I think I installed 2.2.5 back then. Things had worked perfect ever since. Last saturday I decided to upgrade to 2.3.1 and that process went without errors.
The following sunday my network was completely down. After a hard reboot things would work for a little while (usually less than 30 minutes). I swapped my old router back in and did some testing with the pfSense box.
I decided set it up next to me with a monitor and hopefully see what happens. SMART data is fine and memtest reports no errors (8hrs+). After a while I saw ahcich1 timeouts (no BIOS settings were ever changed). I tried the following and tested after each step:
- clean install 2.3.1
- update BIOS
- clean install 2.3.1
- fiddle around in BIOS
- reset BIOS and did a clean install of 2.2.5
The problem remained.
As a last resort I checked for possible firmware updates for the SSD. I found Crucial did release a critical update to correct an issue that an SSD would not wake from sleep.

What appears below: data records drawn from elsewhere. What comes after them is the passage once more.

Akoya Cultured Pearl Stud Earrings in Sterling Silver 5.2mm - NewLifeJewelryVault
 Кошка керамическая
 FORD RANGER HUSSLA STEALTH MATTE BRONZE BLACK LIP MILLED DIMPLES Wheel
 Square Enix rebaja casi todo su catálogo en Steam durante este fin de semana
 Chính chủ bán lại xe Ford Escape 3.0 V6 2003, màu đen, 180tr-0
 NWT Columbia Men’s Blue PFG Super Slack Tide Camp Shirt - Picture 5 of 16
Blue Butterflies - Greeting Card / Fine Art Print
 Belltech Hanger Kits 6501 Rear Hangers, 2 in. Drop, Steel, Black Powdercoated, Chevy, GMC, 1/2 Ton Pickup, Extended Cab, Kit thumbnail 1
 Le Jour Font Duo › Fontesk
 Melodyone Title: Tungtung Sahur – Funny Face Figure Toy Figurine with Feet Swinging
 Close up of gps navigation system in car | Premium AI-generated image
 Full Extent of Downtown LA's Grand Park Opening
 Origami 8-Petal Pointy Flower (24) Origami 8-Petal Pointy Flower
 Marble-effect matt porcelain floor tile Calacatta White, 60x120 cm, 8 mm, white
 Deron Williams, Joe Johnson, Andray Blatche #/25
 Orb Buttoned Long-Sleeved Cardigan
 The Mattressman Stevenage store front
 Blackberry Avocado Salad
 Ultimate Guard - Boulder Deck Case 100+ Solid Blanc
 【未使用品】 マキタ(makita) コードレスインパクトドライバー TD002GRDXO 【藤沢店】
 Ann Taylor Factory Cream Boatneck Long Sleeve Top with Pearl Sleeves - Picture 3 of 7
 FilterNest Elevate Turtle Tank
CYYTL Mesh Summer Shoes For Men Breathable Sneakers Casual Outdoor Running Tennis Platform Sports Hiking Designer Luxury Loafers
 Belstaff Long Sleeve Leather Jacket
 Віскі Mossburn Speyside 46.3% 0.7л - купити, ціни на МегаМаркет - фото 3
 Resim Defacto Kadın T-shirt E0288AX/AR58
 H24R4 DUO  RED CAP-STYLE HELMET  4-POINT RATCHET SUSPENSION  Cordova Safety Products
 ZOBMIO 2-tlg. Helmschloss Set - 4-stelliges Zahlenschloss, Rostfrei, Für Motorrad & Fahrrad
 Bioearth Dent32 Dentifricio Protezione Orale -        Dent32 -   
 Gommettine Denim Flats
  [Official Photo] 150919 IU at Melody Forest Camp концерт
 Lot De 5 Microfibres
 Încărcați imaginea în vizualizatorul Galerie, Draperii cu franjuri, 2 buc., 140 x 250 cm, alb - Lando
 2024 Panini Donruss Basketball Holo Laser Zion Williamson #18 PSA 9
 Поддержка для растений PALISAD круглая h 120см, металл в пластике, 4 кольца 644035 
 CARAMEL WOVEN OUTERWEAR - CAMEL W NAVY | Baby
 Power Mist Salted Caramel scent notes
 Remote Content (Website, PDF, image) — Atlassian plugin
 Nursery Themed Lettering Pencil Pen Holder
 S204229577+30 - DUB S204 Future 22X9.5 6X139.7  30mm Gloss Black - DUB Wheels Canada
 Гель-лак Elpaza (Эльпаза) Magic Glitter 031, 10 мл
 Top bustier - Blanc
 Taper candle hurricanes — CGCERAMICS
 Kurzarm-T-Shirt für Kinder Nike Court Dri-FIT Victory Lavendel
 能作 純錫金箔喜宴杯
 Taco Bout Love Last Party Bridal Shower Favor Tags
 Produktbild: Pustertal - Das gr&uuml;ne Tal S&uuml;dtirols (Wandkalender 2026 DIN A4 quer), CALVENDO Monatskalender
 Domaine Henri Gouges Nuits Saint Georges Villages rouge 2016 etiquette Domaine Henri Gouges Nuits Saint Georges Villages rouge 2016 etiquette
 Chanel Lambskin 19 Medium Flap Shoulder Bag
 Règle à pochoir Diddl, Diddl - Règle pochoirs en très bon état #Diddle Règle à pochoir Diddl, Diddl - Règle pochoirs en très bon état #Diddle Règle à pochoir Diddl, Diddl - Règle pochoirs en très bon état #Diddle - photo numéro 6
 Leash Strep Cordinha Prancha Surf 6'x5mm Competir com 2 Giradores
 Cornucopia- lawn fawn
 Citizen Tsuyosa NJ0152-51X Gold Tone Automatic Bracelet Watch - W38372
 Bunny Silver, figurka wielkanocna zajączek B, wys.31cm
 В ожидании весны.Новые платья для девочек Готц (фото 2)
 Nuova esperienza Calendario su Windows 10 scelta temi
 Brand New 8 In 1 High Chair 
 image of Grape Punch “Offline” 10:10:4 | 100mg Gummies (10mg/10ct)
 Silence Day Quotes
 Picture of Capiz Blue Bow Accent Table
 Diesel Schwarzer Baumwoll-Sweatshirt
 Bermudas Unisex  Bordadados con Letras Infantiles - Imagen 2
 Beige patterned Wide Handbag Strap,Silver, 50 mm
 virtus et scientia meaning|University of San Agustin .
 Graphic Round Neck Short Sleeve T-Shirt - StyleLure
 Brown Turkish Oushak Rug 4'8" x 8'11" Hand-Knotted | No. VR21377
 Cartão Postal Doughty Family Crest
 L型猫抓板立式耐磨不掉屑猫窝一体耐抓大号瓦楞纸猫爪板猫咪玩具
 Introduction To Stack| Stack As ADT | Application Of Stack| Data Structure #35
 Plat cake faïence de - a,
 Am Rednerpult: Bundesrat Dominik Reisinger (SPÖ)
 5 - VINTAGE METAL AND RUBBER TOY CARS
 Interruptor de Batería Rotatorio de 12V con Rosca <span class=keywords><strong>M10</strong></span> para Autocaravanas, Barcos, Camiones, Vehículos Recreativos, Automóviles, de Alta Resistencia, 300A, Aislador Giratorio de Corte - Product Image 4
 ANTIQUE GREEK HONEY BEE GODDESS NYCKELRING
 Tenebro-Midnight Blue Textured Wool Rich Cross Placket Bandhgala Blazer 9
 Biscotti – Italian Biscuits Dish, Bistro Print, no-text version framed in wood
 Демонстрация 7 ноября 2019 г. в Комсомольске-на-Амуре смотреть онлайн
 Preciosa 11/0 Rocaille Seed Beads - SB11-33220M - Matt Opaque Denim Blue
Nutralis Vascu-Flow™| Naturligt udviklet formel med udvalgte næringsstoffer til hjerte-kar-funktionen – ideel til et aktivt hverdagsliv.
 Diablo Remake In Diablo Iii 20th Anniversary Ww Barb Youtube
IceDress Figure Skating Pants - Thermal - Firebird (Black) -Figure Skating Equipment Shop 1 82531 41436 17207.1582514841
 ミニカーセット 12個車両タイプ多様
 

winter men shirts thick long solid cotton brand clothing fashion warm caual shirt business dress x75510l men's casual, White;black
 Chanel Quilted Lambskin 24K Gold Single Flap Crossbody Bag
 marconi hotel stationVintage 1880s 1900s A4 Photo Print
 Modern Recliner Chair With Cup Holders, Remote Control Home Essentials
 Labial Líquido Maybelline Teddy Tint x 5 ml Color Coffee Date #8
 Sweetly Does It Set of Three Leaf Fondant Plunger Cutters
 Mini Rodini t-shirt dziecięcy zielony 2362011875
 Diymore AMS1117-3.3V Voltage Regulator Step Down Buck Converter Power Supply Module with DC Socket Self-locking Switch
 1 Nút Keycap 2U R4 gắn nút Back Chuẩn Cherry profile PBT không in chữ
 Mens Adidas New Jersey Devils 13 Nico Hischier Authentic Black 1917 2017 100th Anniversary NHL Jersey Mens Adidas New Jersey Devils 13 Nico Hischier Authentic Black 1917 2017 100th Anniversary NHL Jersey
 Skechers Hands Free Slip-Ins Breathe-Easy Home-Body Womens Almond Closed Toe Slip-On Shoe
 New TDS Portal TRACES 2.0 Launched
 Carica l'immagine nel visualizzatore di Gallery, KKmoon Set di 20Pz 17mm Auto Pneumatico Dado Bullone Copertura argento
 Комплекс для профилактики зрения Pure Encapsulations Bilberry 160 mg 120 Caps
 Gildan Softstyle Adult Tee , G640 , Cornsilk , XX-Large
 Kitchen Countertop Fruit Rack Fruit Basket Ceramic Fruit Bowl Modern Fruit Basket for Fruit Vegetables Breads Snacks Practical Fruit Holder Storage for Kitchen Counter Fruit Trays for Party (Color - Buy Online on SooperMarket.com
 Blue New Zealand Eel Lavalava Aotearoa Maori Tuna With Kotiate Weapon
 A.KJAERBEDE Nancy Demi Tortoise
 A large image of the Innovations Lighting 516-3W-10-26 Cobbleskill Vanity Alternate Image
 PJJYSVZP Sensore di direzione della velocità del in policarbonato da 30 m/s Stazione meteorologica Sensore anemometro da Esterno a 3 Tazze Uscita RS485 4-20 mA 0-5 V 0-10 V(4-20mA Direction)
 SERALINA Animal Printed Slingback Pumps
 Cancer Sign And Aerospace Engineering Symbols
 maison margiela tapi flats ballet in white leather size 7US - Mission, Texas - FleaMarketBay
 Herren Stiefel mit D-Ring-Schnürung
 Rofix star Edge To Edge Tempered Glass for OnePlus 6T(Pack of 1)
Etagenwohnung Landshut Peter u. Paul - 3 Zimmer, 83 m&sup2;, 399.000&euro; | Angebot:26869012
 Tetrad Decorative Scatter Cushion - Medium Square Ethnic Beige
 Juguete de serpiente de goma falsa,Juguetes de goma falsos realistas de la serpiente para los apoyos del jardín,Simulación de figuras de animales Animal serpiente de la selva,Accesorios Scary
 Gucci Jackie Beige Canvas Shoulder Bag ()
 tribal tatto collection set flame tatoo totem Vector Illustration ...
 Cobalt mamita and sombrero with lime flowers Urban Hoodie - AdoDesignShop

Resolved a power-up timing issue that could result in a drive hang, resulting in an inability to communicate with the host computer. The hang condition would typically occur during power-up or resume from Sleep or Hibernate. Most often, a new power cycle will clear the condition and allow normal operations to continue. The failure mode has only been observed in factory test. The failure mode is believed to have been contained to the factory. This fix is being implemented for all new builds, for all form factors, as a precautionary measure. The fix may be implemented in the field, as desired, to prevent occurrence of this boot-time failure. To date, no known field returns have been shown to be related to this issue. A failure of this type would typically be recoverable by a system reset.
Right now my box has been up for 5 hours, so it's looking good. One thing I have to ask though: how did a software update trigger the SSD firmware bug? It ran fine for months. Was this one of those rare coincidences? Or were changes made to sleep behavior past version 2.2.5 (I went through the blog posts but couldn't find anything).
pfSense 2.2.* is based on FreeBSD 10.1
pfSense 2.3.* is based on FreeBSD 10.3
So anything that happened for FreeBSD 10.2 and then 10.3 in regard to drivers etc would have the possibility to trigger different behaviour.